* **REQUIRED WORK**
In the data below, reproduce everything exactly except the images.

* **AVAILABLE DATA**
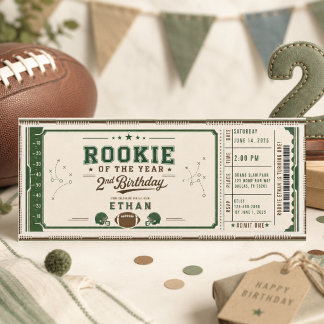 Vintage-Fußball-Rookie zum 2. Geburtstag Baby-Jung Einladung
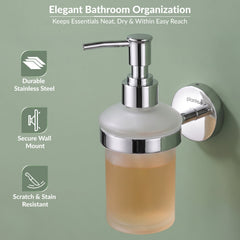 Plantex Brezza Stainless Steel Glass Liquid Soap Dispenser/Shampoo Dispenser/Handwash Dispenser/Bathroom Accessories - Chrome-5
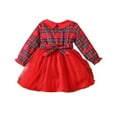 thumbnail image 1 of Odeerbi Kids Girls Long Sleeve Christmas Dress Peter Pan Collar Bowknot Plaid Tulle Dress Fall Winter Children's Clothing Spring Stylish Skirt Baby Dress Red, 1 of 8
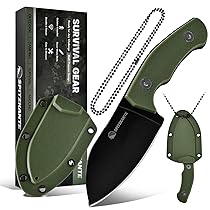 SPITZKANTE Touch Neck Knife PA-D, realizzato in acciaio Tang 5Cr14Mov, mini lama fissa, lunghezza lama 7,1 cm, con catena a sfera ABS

* **EXERCISE RESULT**
 Vintage-Fußball-Rookie zum 2. Geburtstag Baby-Jung Einladung
 Plantex Brezza Stainless Steel Glass Liquid Soap Dispenser/Shampoo Dispenser/Handwash Dispenser/Bathroom Accessories - Chrome-5
 thumbnail image 1 of Odeerbi Kids Girls Long Sleeve Christmas Dress Peter Pan Collar Bowknot Plaid Tulle Dress Fall Winter Children's Clothing Spring Stylish Skirt Baby Dress Red, 1 of 8
 SPITZKANTE Touch Neck Knife PA-D, realizzato in acciaio Tang 5Cr14Mov, mini lama fissa, lunghezza lama 7,1 cm, con catena a sfera ABS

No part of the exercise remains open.